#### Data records
*** Begin section ***

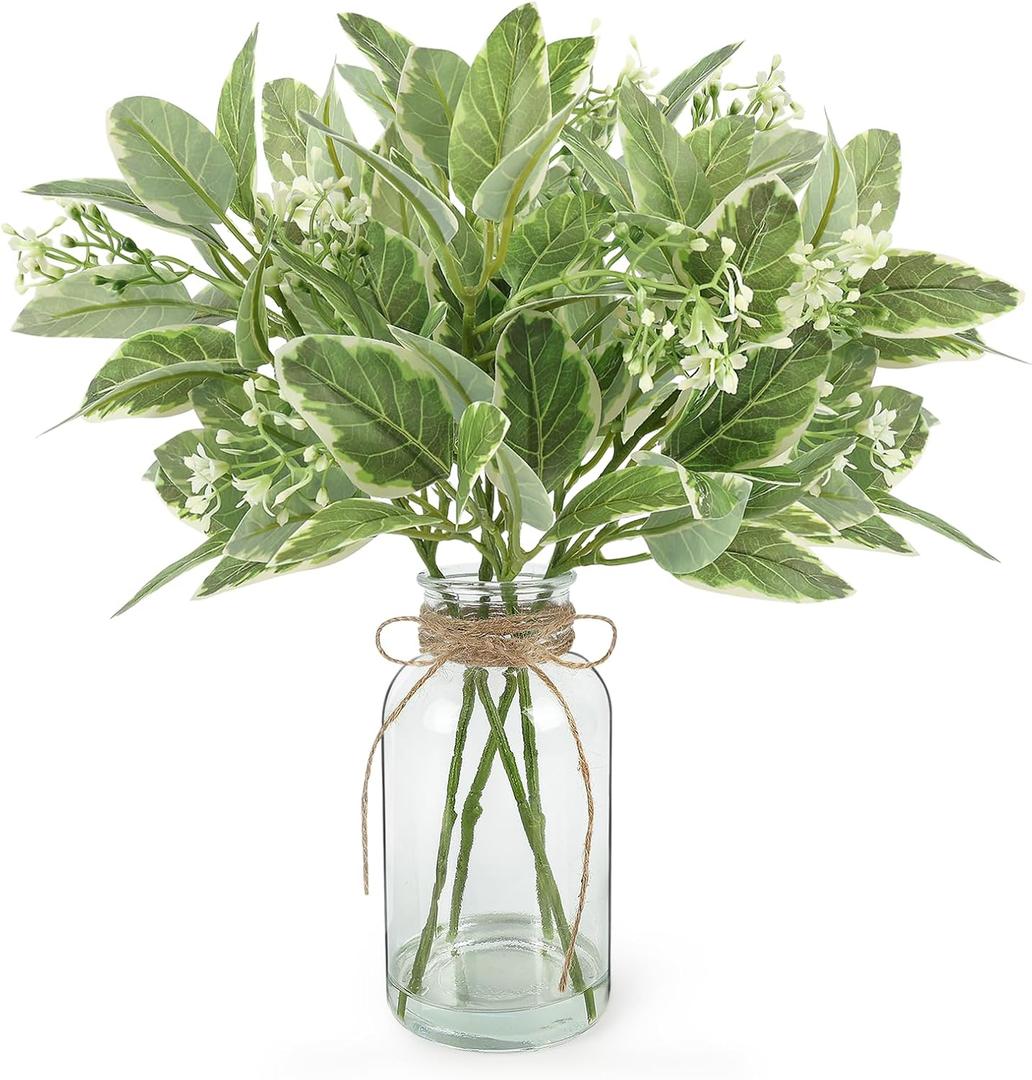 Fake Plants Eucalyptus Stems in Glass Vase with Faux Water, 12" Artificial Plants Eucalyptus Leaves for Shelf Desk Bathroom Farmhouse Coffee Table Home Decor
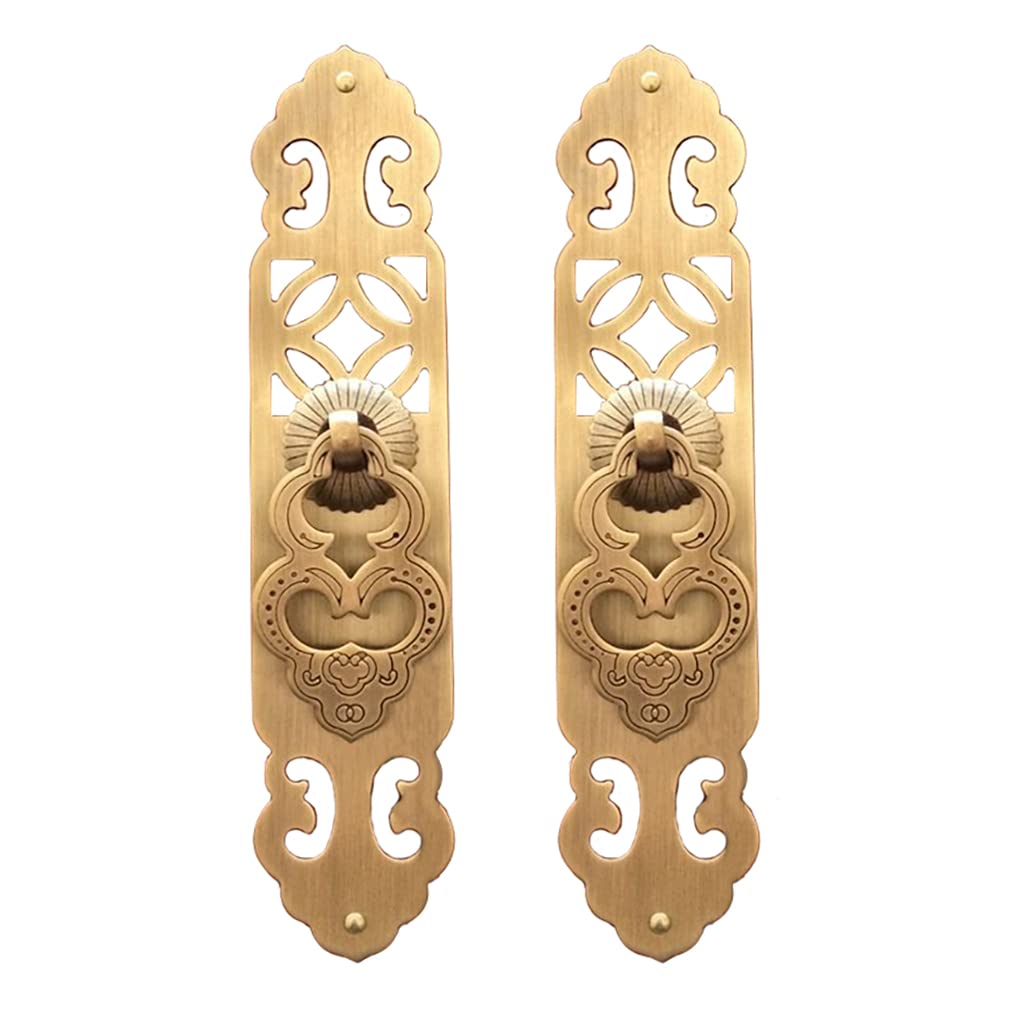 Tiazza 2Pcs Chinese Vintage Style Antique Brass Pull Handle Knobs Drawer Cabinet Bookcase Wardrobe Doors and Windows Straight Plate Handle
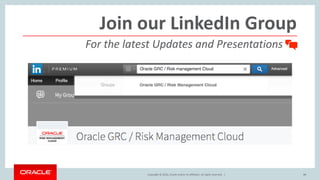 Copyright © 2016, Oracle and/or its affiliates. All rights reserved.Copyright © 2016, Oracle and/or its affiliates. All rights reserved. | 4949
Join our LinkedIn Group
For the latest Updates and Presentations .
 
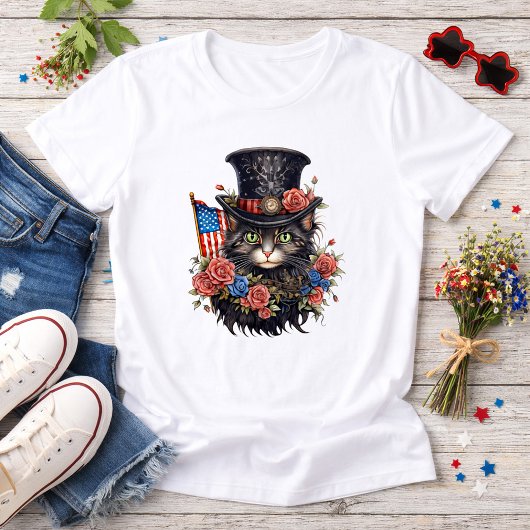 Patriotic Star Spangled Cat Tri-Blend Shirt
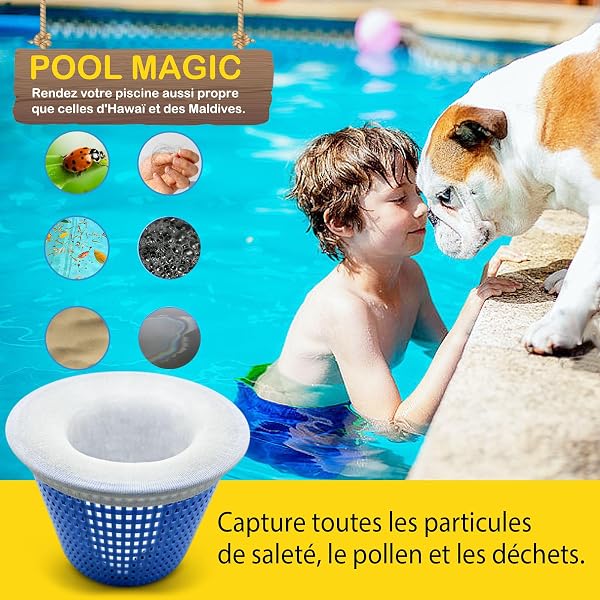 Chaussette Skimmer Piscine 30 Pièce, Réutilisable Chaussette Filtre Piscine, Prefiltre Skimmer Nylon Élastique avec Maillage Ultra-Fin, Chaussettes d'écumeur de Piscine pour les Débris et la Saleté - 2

*** End section ***

#### YOUR OBJECTIVE
Your answer must be the records above, copied exactly, with no pictures.

#### OUTPUT FOR THIS EXERCISE
 Fake Plants Eucalyptus Stems in Glass Vase with Faux Water, 12" Artificial Plants Eucalyptus Leaves for Shelf Desk Bathroom Farmhouse Coffee Table Home Decor
 Tiazza 2Pcs Chinese Vintage Style Antique Brass Pull Handle Knobs Drawer Cabinet Bookcase Wardrobe Doors and Windows Straight Plate Handle
 Copyright © 2016, Oracle and/or its affiliates. All rights reserved.Copyright © 2016, Oracle and/or its affiliates. All rights reserved. | 4949
Join our LinkedIn Group
For the latest Updates and Presentations .
 
 Patriotic Star Spangled Cat Tri-Blend Shirt
 Chaussette Skimmer Piscine 30 Pièce, Réutilisable Chaussette Filtre Piscine, Prefiltre Skimmer Nylon Élastique avec Maillage Ultra-Fin, Chaussettes d'écumeur de Piscine pour les Débris et la Saleté - 2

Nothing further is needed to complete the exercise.